Silverman dan Lee (1974) dalam bukunya, “Pills, Profits and Politics”, menyatakan bahwa:
1. Pharmatcis lah yang memegang peranan penting dalam membantu dokter menuliskan resep rasional. Membanu melihat bahwa obat yang tepat, pada waktu yang tepat, dalam jumlah yang benar, membuat pasien tahu mengenai “bagaimana,kapan,mengapa” penggunaan obat baik dengan atau tanpa resep dokter.
2. Pharmacist lah yang sangat handal dan terlatih serta pakart dalam hal produk/produksi obat yang memiliki kesempatan yang paling besar untuk mengikuti perkembangan terakhir dalam bidang obat, yang dapat melayani baik dokter maupun pasien, sebagai “penasehat” yang berpengalaman.
3. Pharmacist lah yang meupakan posisi kunci dalam mencegah penggunaan obat yang salah, penyalahgunaan obat dan penulisan resep yang irrasional.

Sedangkan Herfindal dalam bukunya “Clinical Pharmacy and Therapeutics” (1992) menyatakan bahwa Pharmacist harus memberikan “Therapeutic Judgement” dari pada hanya sebagai sumber informasi obat.

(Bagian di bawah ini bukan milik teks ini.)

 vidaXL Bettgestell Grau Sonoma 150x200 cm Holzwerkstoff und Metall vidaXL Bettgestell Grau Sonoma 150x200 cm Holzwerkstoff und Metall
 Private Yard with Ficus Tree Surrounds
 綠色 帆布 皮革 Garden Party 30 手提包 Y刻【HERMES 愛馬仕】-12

Melihat hal-hal di atas, maka nampak adanya suatu kesimpangsiuran tentang posisi farmasi. Dimana sebenarnya letak farmasi ? di jajaran teknologi, Ilmu murni, Ilmu kedokteran atau berdiri sendiri ? kebingungan dalam hal posisi farmasi akan membingungkan para penyelenggara pendidikan farmasi, kurikulum semacam apa yang harus disajikan ; para mahasiswa bingung menyerap materi yang semakin hari semakin “segunung” ; dan yang terbingung adalah lulusannya (yang masih “baru”), yang merasa tidak “menguasai “ apapun.

Di Inggris, sejak tahun 1962, dimulai suatu era baru dalam pendidikan farmasi, karena pendidikan farmasi yang semula menjadi bagian dari MIPA, berubah menjadi suatu bidang yang berdiri sendiri secara utuh.rofesi farmasi berkembang ke arah “patient oriented”, memuculkan berkembangnya Ward Pharmacy (farmasi bangsal) atau Clinical Pharmacy (Farmasi klinik).

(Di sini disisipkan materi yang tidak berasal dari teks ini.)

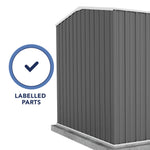 Absco Premier 10' x 7' Metal Storage Shed - Woodland Gray 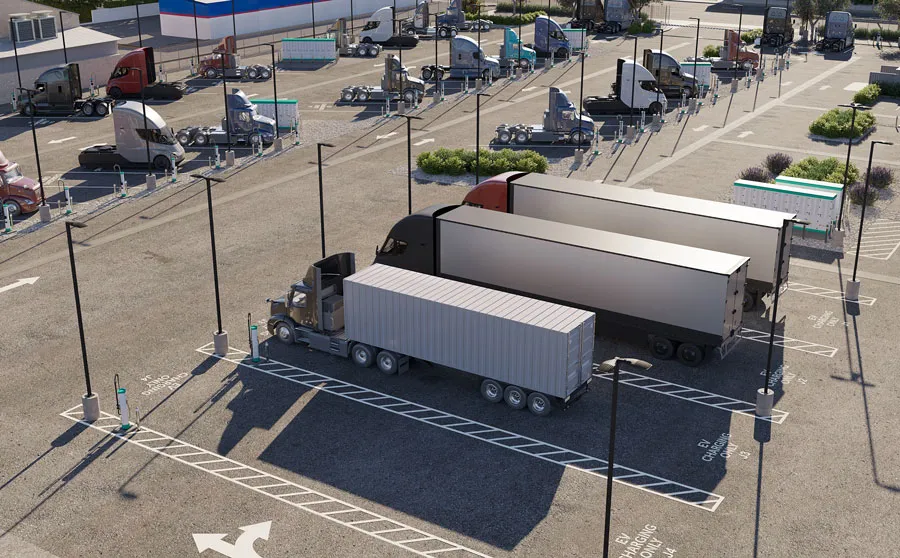 camion elettrici hub EV Realty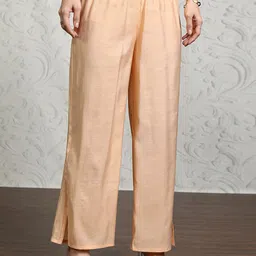 Vishudh Embroidered Band Collar Tunic With Palazzo image 5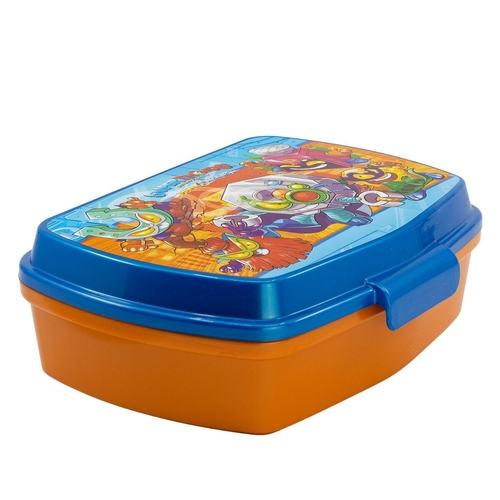 Sandwich Box SuperThings Kazoom kids Blue Orange Plastic (17 x 5.6 x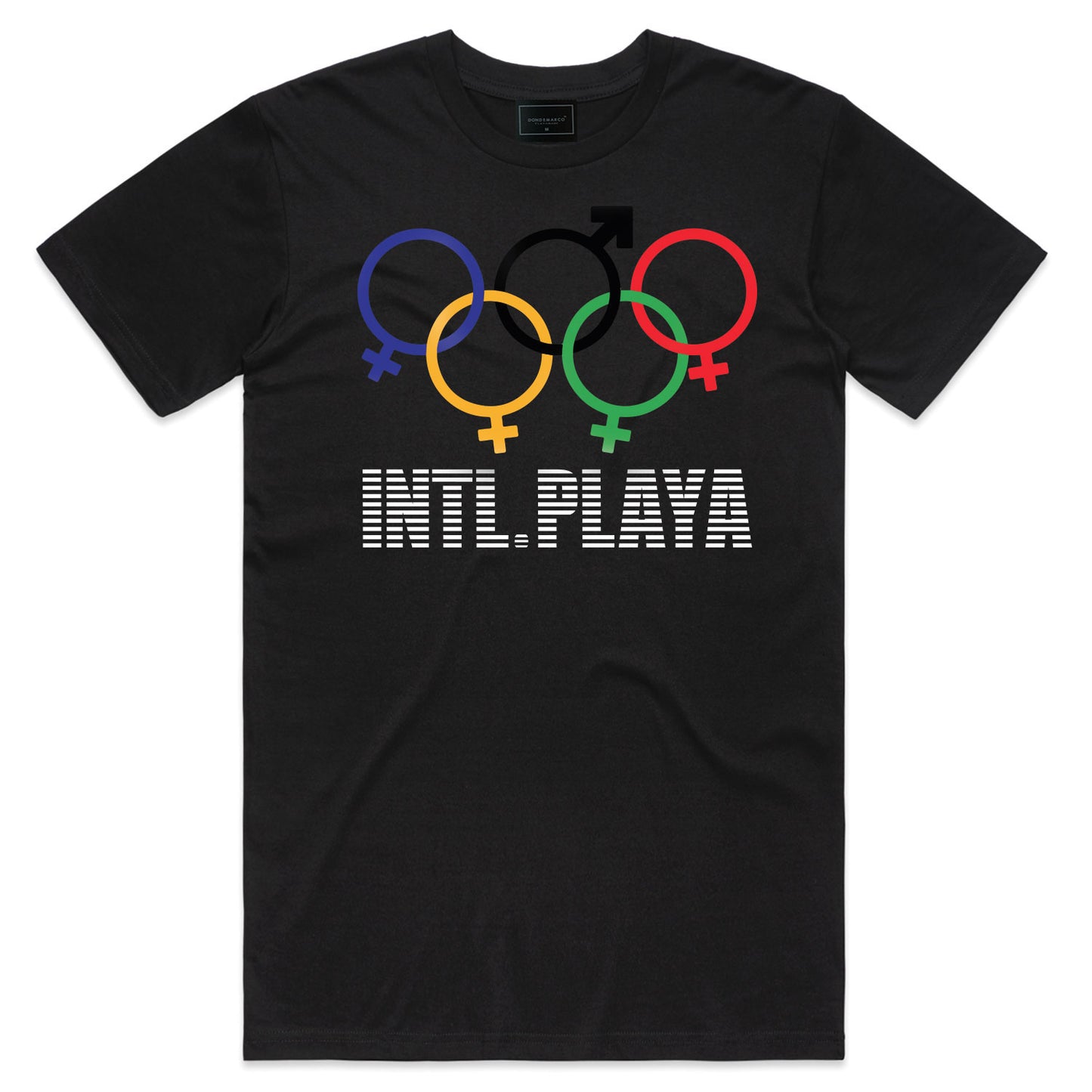 NTL. PLAYA Olympic Rings T-Shirt – Black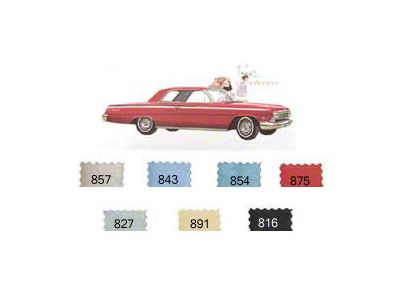 Full Size Chevy Preassembled Door Panel & Quarter Trim Panel Interior Kit Service, 2-Door Hardtop, Impala SS, 1962 (Impala Sports Coupe, Two-Door)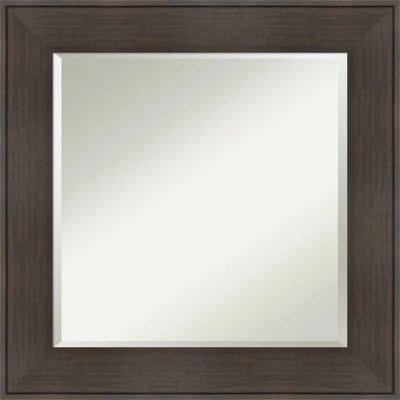 William Framed Bathroom Vanity Wall Mirror Espresso - Amanti Art 9 William Framed Bathroom Vanity Wall Mirror Espresso - Amanti Art - Image 9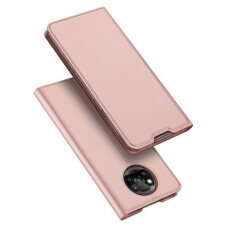 Atverčiamas dėklas Dux Ducis Skin Pro Xiaomi Poco X3/X3 NFC/X3 Pro rožinis-auksinis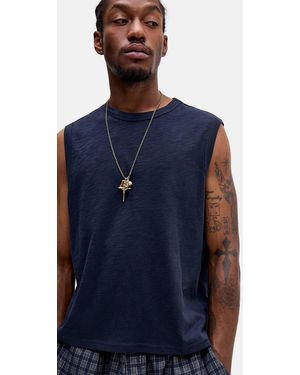 BDG Plain Tank Top - Blue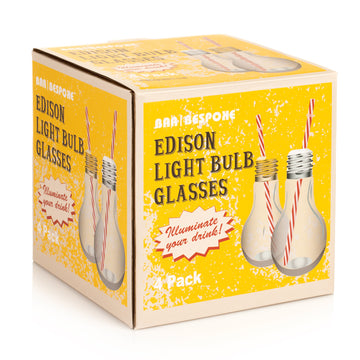 Light Bulb Drinking Jar - Set of 4 - 0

Di USA telah disadari sejak tahun 1963 bahwa masyarakat dan profesional lain memerlukan informasi obat tang seharusnya datang dari para apoteker. Temuan tahun 1975 mengungkapkan pernyataan para dokter bahwa apoteker merupakan informasi obat yang “parah”, tidak mampu memenuhi kebutuhan para dokter akan informasi obat Apoteker yang berkualits dinilai amat jarang/langka, bahkan dikatakan bahwa dibandingkan dengan apotekeer, medical representatif dari industri farmasi justru lebih merupakan sumber informasi obat bagi para dokter.

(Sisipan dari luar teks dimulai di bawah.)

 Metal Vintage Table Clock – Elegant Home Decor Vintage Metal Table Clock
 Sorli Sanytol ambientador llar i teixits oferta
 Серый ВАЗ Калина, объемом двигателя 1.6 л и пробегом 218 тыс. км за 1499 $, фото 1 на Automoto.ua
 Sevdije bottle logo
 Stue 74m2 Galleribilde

Perkembangan terakhir adalah timbulnya konsep “Pharmaceutical Care” yang membawa para praktisi maupun para “profesor” ke arah “wilayah” pasien.
Secara global terlihat perubahan arus positif farmasi menuju ke arah akarnya semula yaitu sebagai mitra dokter dalam pelayanan pada pasien. Apoteker diharapkan setidak-tidaknya mampu menjadi sumber informasi obat baik bagi masyarakat maupun profesi kesehatan lain baik di rumah sakit, di apotek atau dimanapun apoteker berada.